MGS: And here comes the writer and director of the wonderful movie you just saw. Please give a warm welcome to Kris Swanberg! Hi!

KS: Hi! I tried to call you.

MGS: That’s all right. I don’t get cell phone service in here. The film just ended about 10 minutes ago and I was taking questions. I said I couldn’t presume to answer for you. (To audience) I’ve never met Kris before. (laughs) So have a seat and we’ll chat.

KS: Okay, great. Sorry I’m late, you guys. I got confused on the campus here.

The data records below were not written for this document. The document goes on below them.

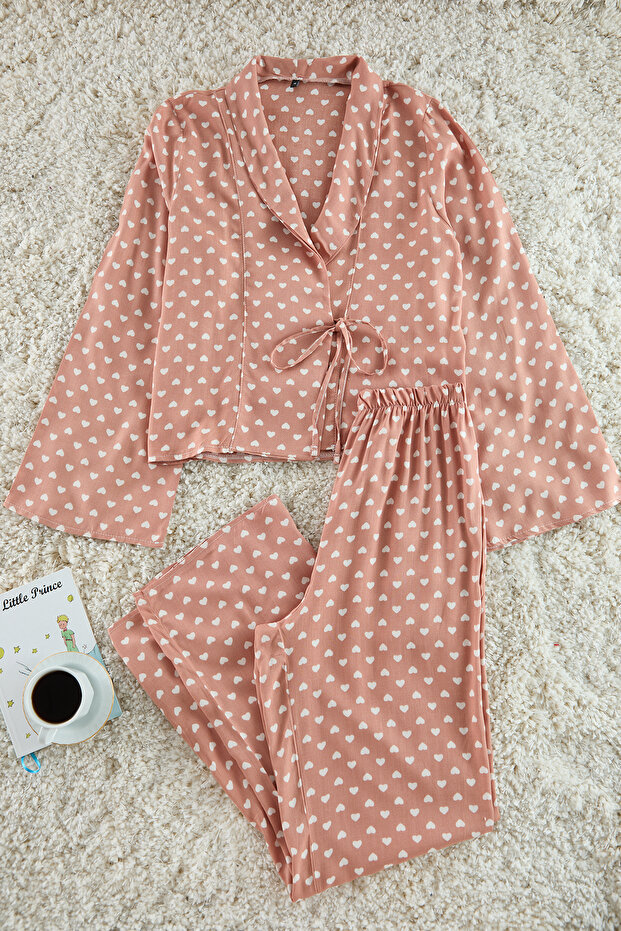 Koyu Bej Kalpli Bağlama Detaylı Viskon Hamile Dokuma Pijama Takımı THMAW22PT0300 - 2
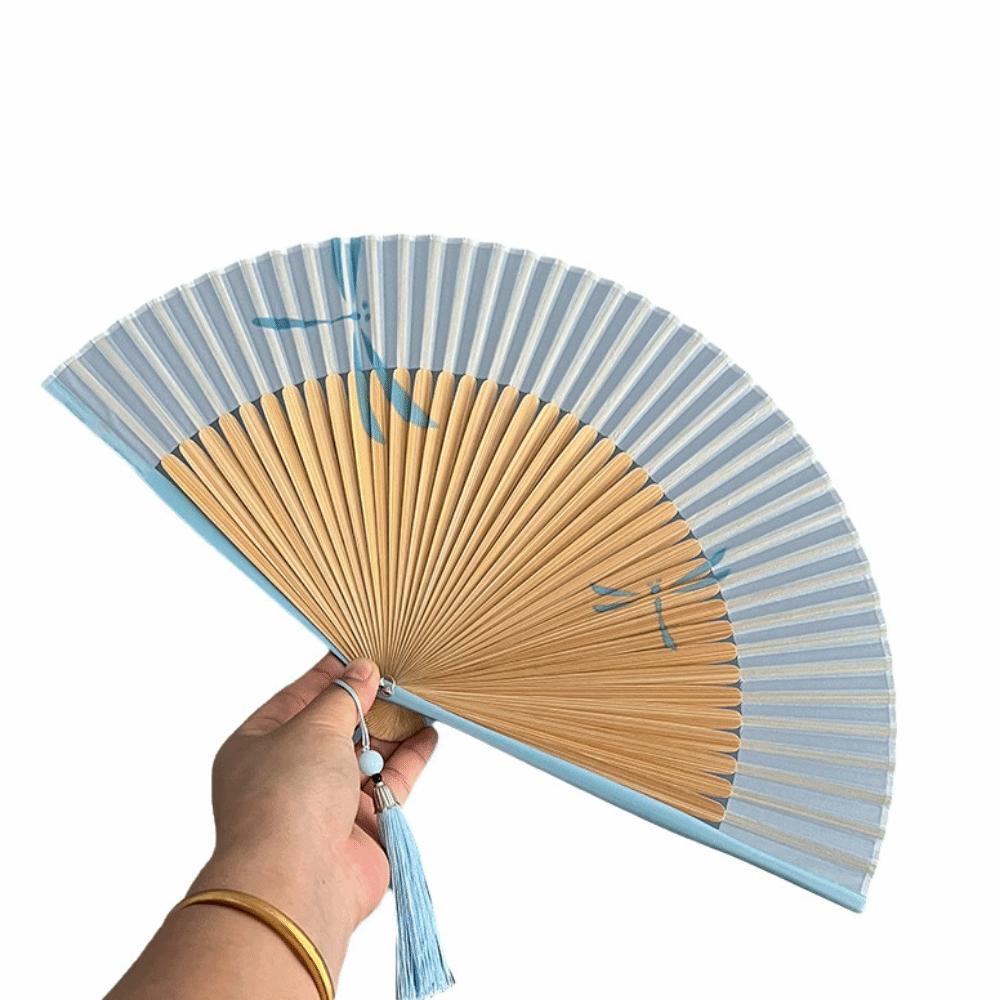 Chinese Style Folding Hand Fan Bamboo Frame Women's Dance Fan Retro Handheld  Fan  Home Use
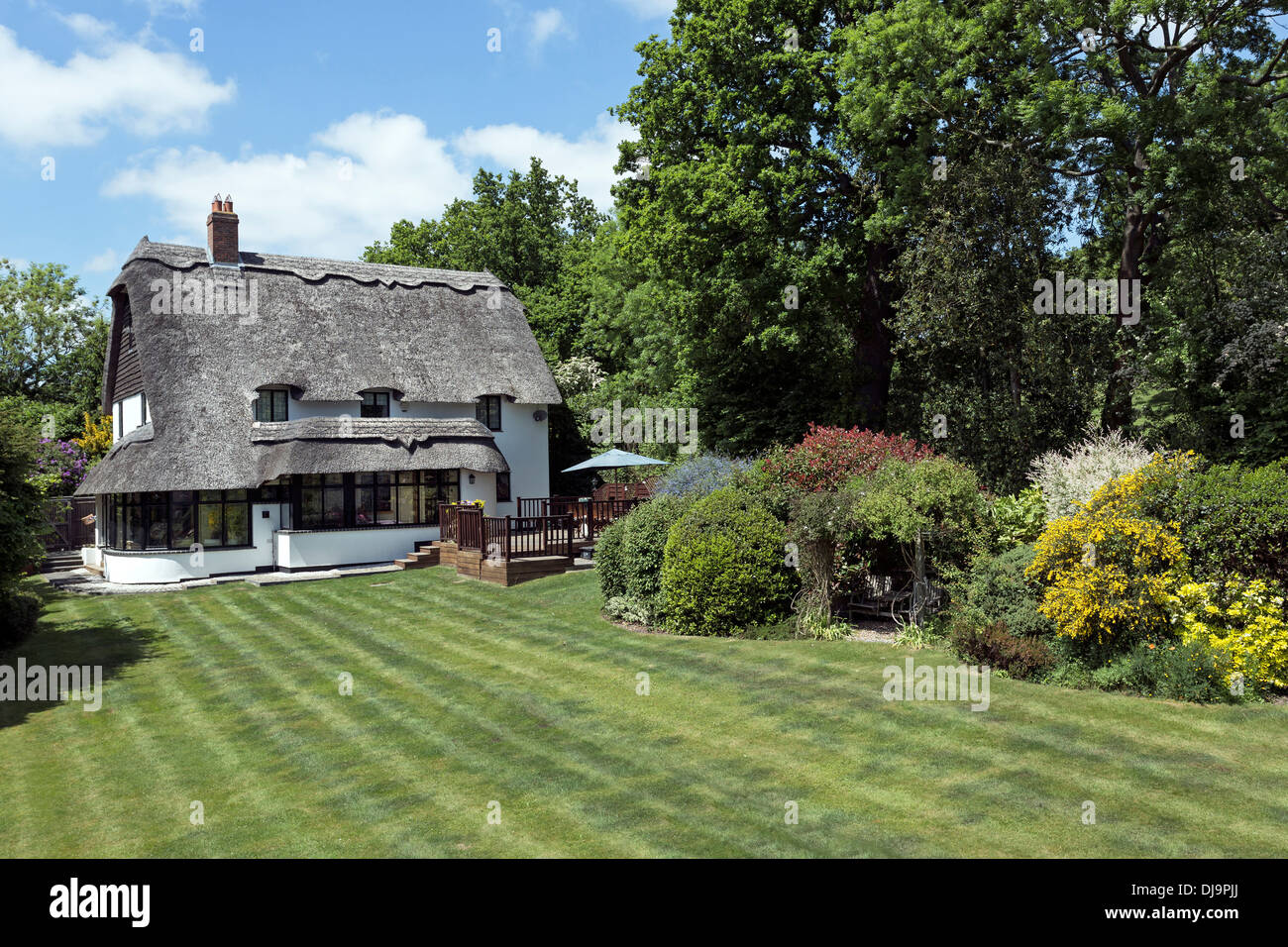 Reetdach-Ferienhaus Stockfoto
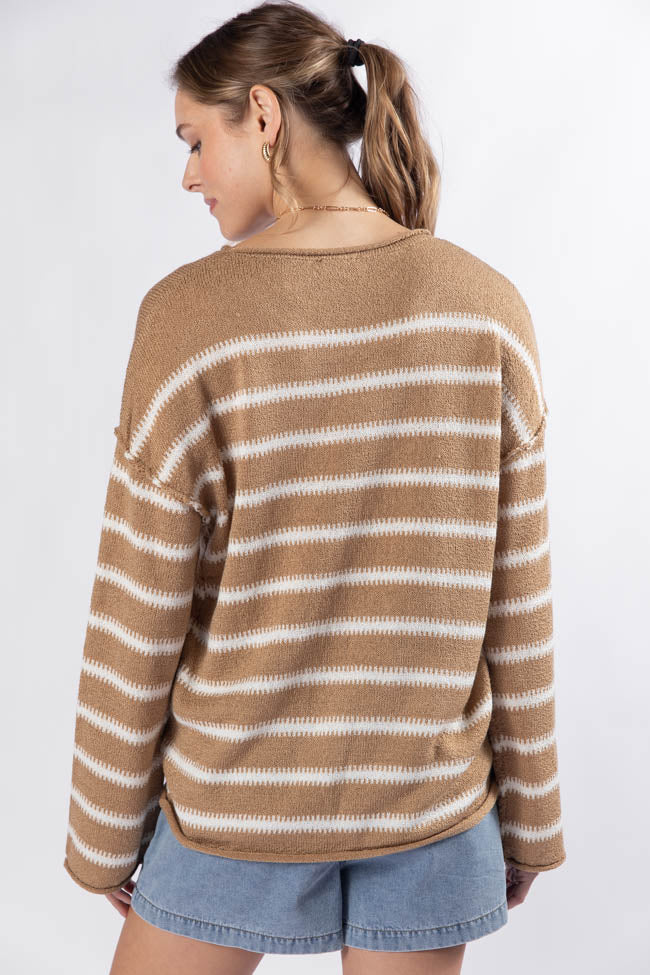 Road Trip Tan and Ivory Striped Sweater FINAL SALE - Terpint
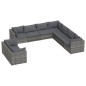vidaXL 9-tlg. Garten-Lounge-Set mit Kissen Grau Poly Rattan vidaXL 9-tlg. Garten-Lounge-Set mit Kissen Grau Poly Rattan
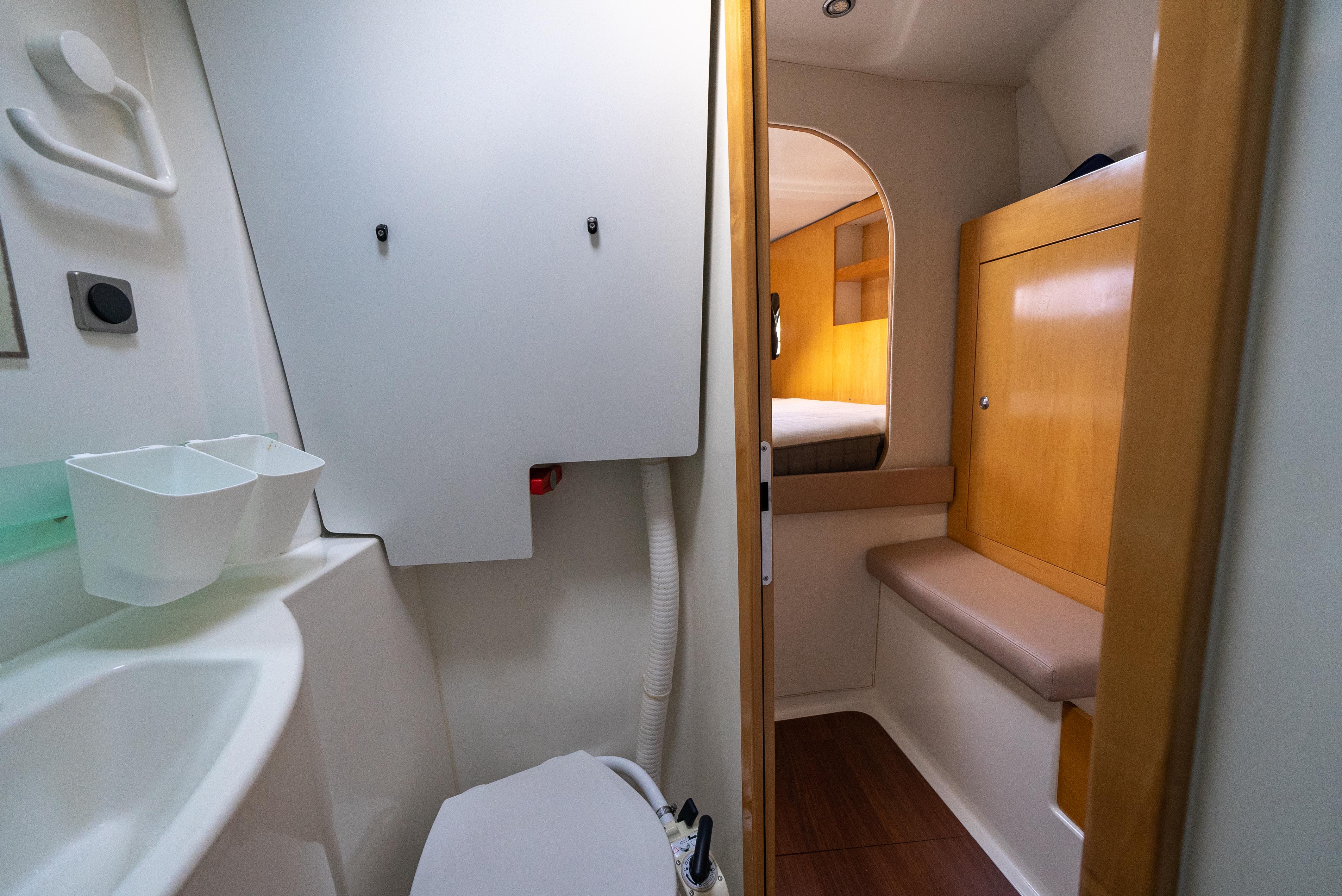 Interior bathroom of 2009 Fountaine Pajot Orana 44 catamaran with modern fixtures.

MGS: That’s quite all right. It’s like a labyrinth. It took me a few years to figure out my way around. So you’re editing a new film?

KS: Yeah, I just wrapped a feature (Unexpected). Do you guys know who Cobie Smulders is? You guys know that show How I Met Your Mother? She’s the lead in my new movie. We just shot it for 20 days in Chicago and we just wrapped October 6th, so I’ve just been editing that for a couple weeks now. I’m sort of in the trenches and I’m trying to make that movie good. (laughs)

MGS: Excellent. How close are you to completion?

KS: That is a good question. I do not know the answer to that question. Yeah, I think there’s a couple things, I might want to bring her back out and shoot a couple more things. But it’s looking really good. We definitely have a first cut. But, you know, just trying to make it perfect.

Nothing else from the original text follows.